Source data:

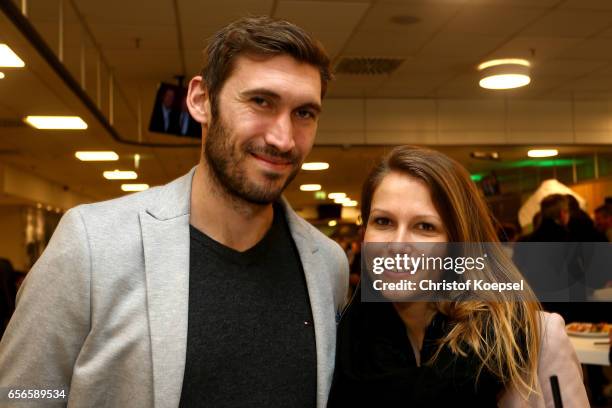 Stefan Reinartz and wife Gianna pose during the Club of Former National Players Meeting at Signal Iduna Park on March 22, 2017 in Dortmund, Germany.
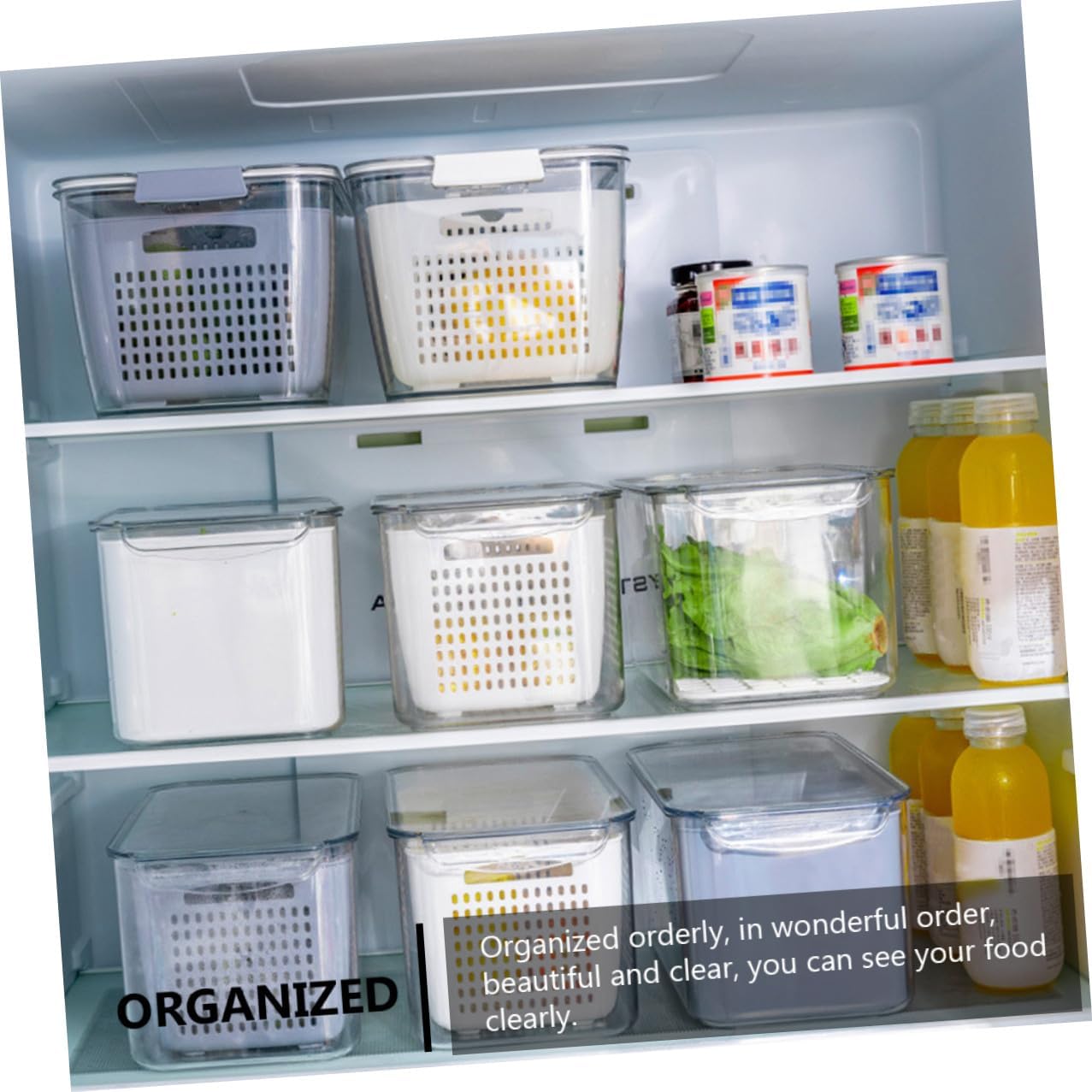 Alasum Fruit and Vegetable Storage Box with Lid 6l, Plastic Fridge Crisper Container, Sealed Food Storage Organizer for Kitchen Refrigerator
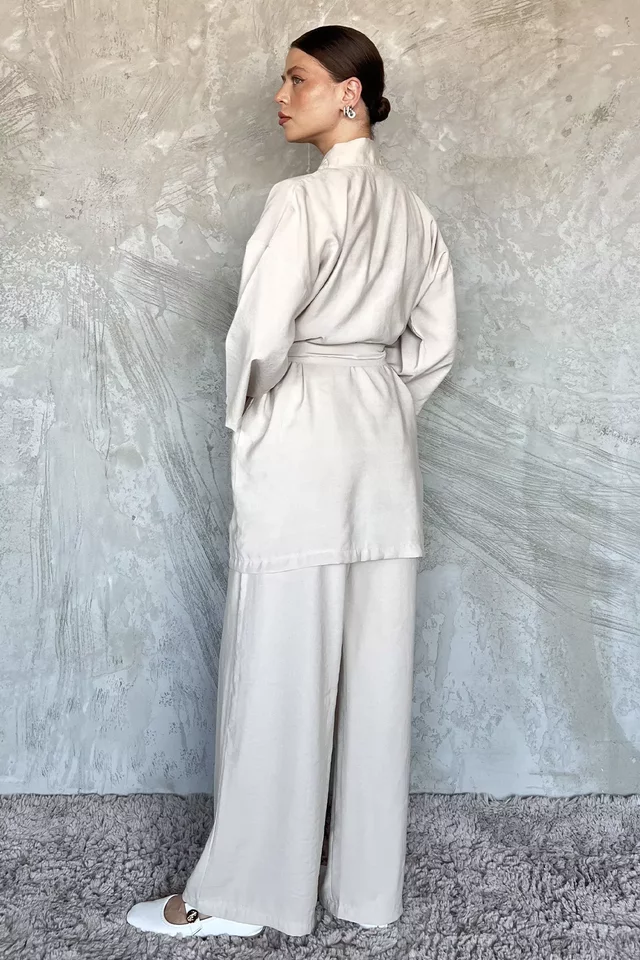 Taşlı Kimono Pantolon İkili Takım - 2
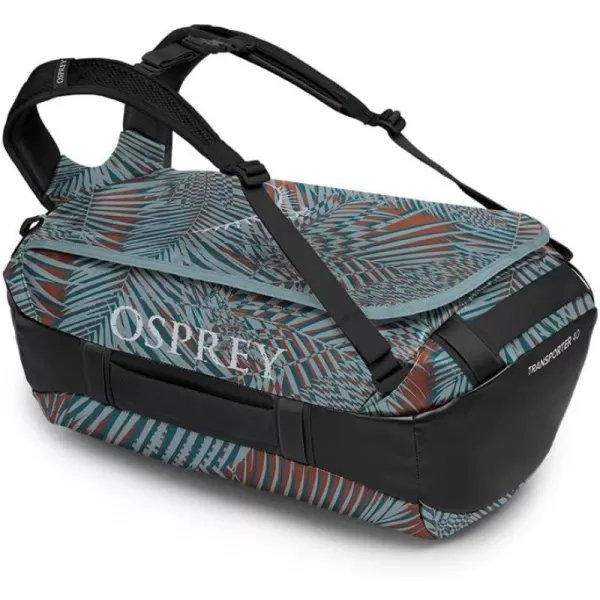 Osprey Transporter 40L Travel Duffel Bag BlackPalm Leaf Glitch Print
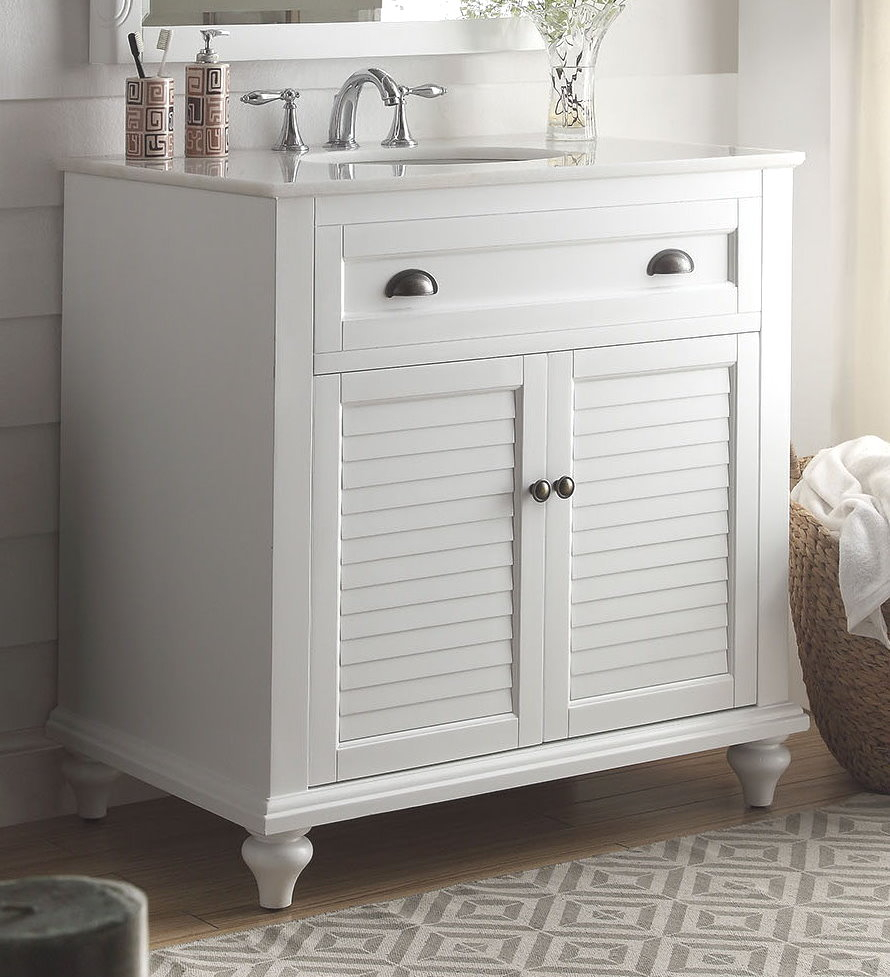 Adelina 34 Inch Cottage Bathroom Vanity White Finish intended for sizing 890 X 977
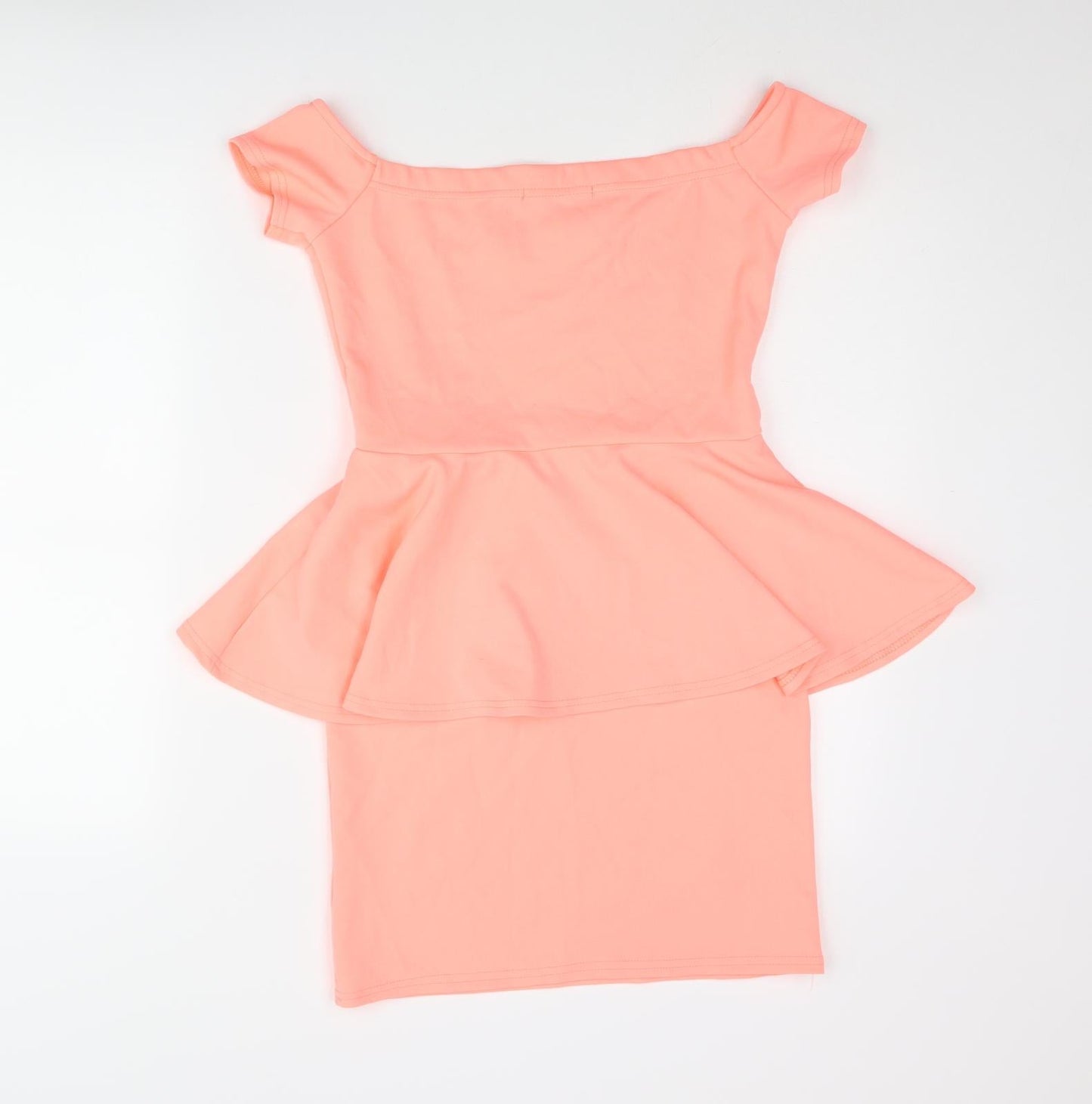 Boohoo Womens Pink Polyester Mini Size 10 Off the Shoulder Pullover - Peplum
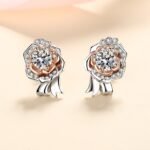 S925 Silver Rose Earrings, Cool Style Moissanite Stud Earrings, Simulated Diamond Earrings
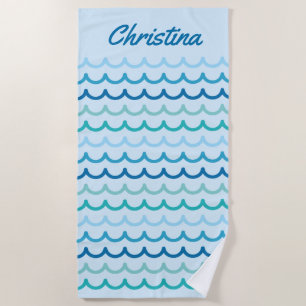 Abstract Ocean Waves Pattern Beach Towel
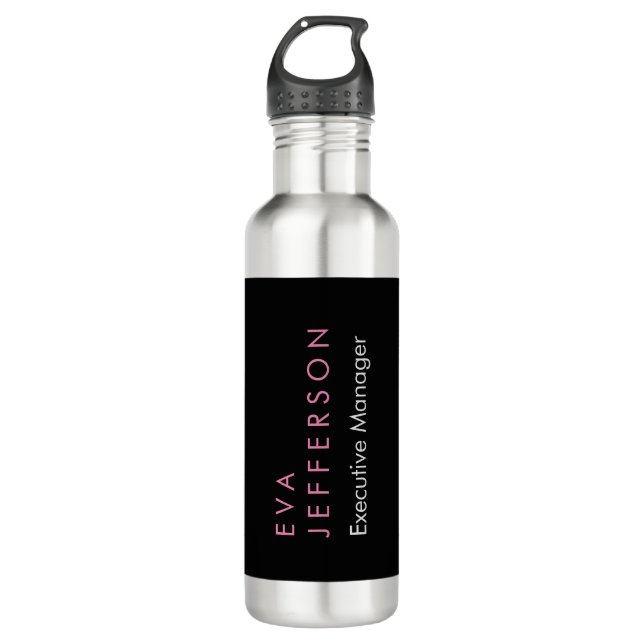 Bemerkenswert elegante, einzigartige moderne Schwa Edelstahlflasche (Vorderseite)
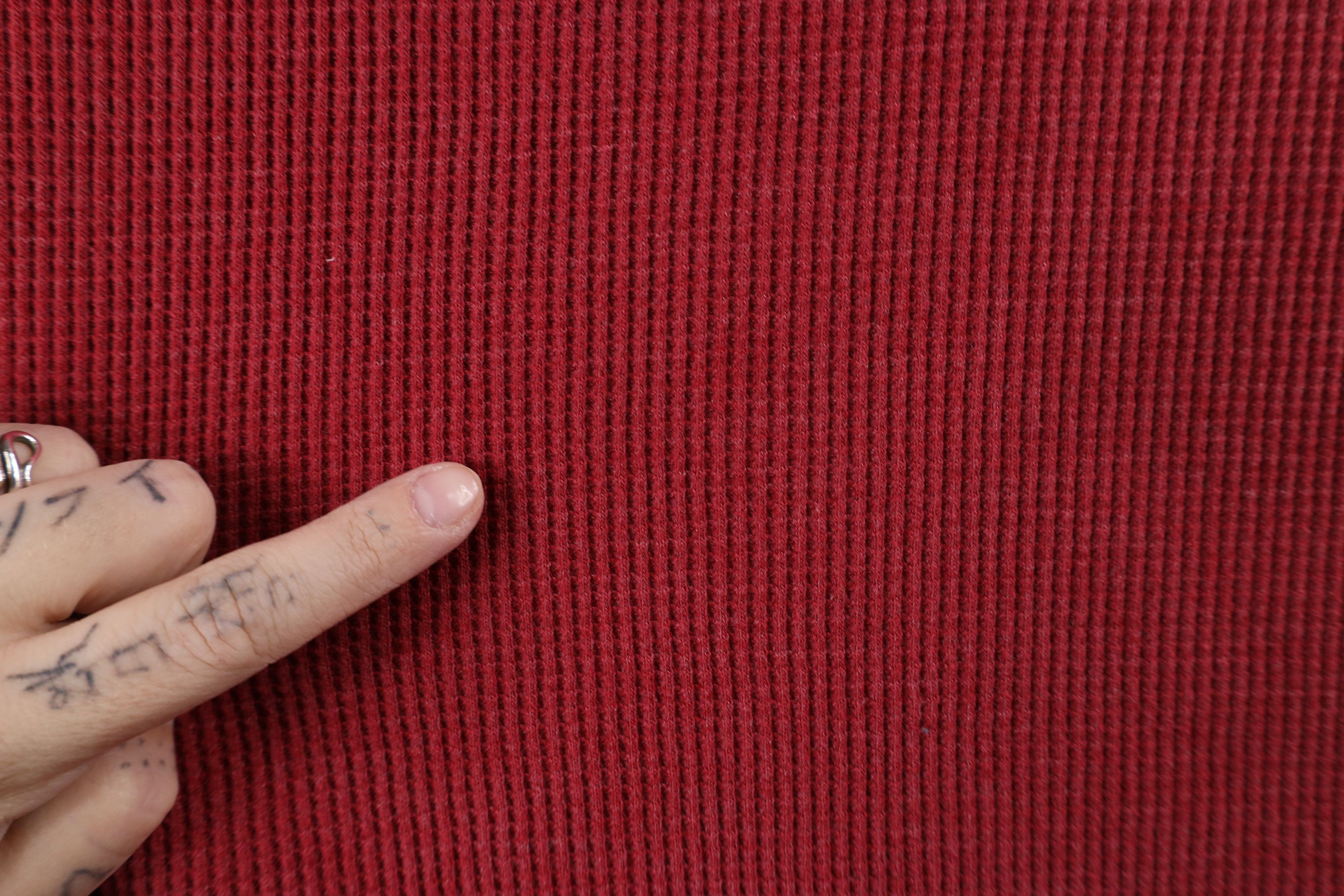 Lands' End × Vintage Vintage Lands End Waffle Knit Long Sleeve T-Shirt Red Size US XL / EU 56 / 4 - 4 Thumbnail
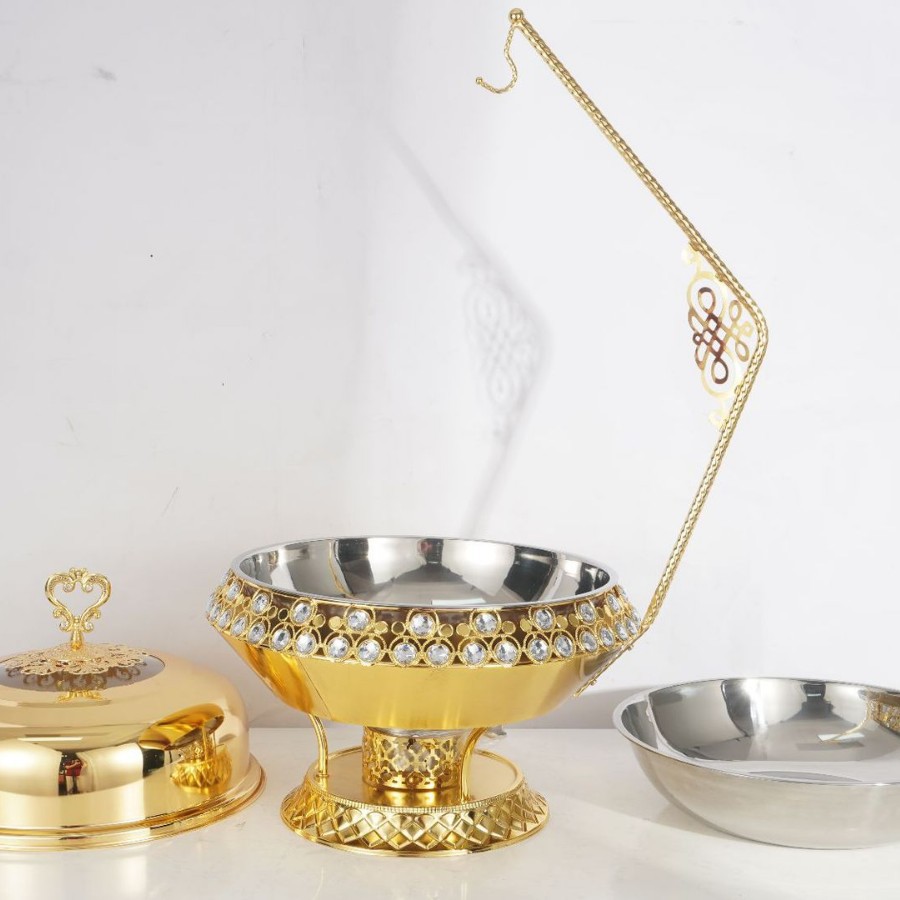Hotel Restaurant Golden Luxury diamond-encrusted hook Stainless steel Buffet stove Hanging Chafing Dish details Picture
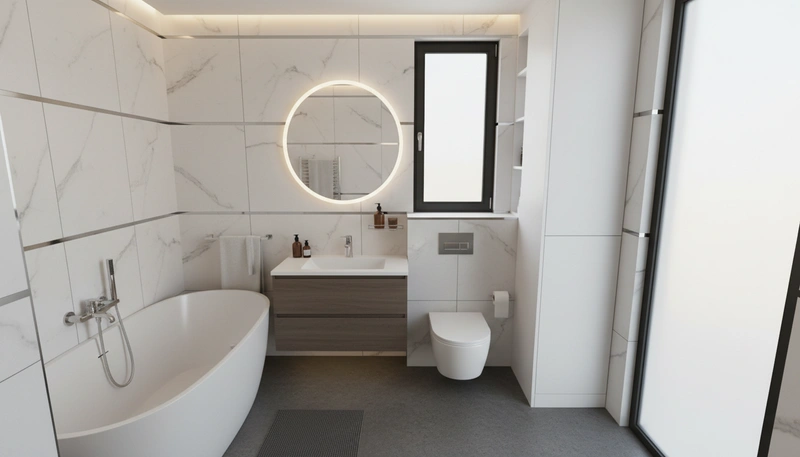 Дизайн ванной в стиле Минимализм — фото интерьера от нейросети RoomGPT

• TASK TO CARRY OUT: The lines to retype begin with the one containing "Bemerkenswert elegante, einzigartige" and end with the last line of the records. Reproduce them exactly and omit the pictures.

• TASK ANSWER:
 Bemerkenswert elegante, einzigartige moderne Schwa Edelstahlflasche (Vorderseite)
 Lands' End × Vintage Vintage Lands End Waffle Knit Long Sleeve T-Shirt Red Size US XL / EU 56 / 4 - 4 Thumbnail
Hotel Restaurant Golden Luxury diamond-encrusted hook Stainless steel Buffet stove Hanging Chafing Dish details Picture
 Дизайн ванной в стиле Минимализм — фото интерьера от нейросети RoomGPT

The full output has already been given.